**TASK INPUTS:**
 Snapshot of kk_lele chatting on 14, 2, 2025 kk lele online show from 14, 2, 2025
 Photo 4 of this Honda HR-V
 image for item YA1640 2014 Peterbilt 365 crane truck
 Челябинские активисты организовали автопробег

==

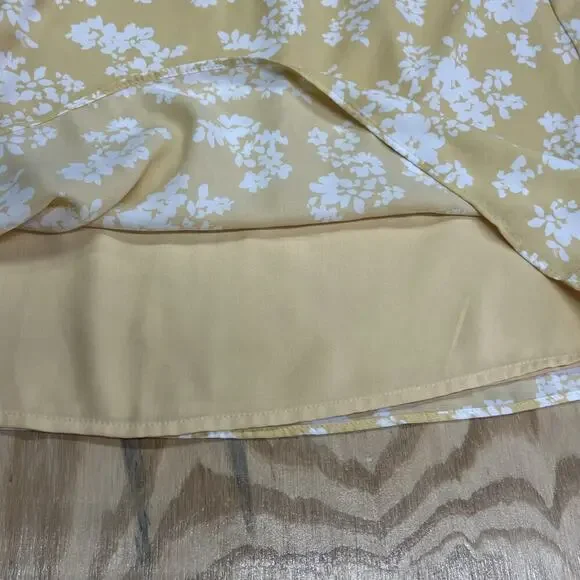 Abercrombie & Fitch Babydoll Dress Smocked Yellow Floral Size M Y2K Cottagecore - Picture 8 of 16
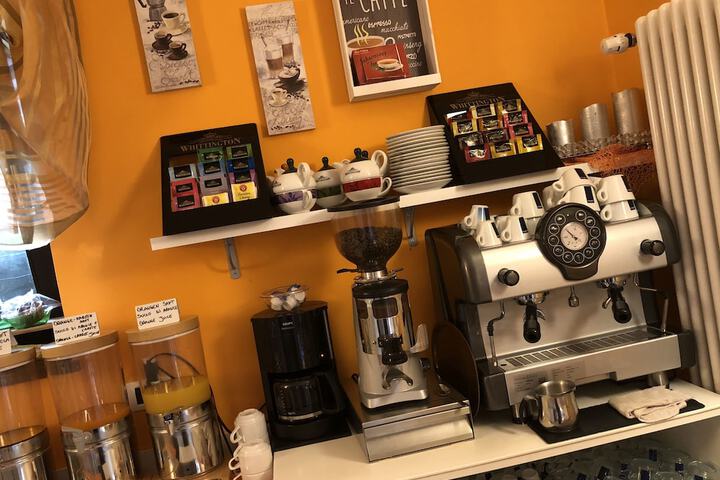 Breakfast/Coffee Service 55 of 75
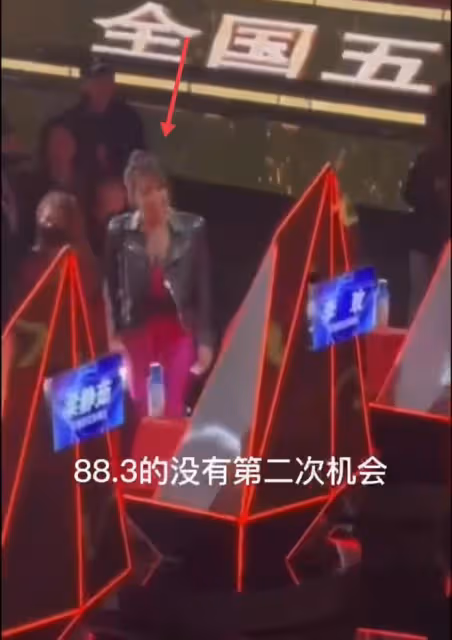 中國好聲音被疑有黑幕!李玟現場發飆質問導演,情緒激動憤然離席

**WHAT THE EXERCISE ASKS:**
Could you restate, word for word, the lines above from the one with "Snapshot of kk_lele" to the one with "Челябинские активисты организовали", both included?

**RESULT OF THIS EXERCISE:**
 Snapshot of kk_lele chatting on 14, 2, 2025 kk lele online show from 14, 2, 2025
 Photo 4 of this Honda HR-V
 image for item YA1640 2014 Peterbilt 365 crane truck
 Челябинские активисты организовали автопробег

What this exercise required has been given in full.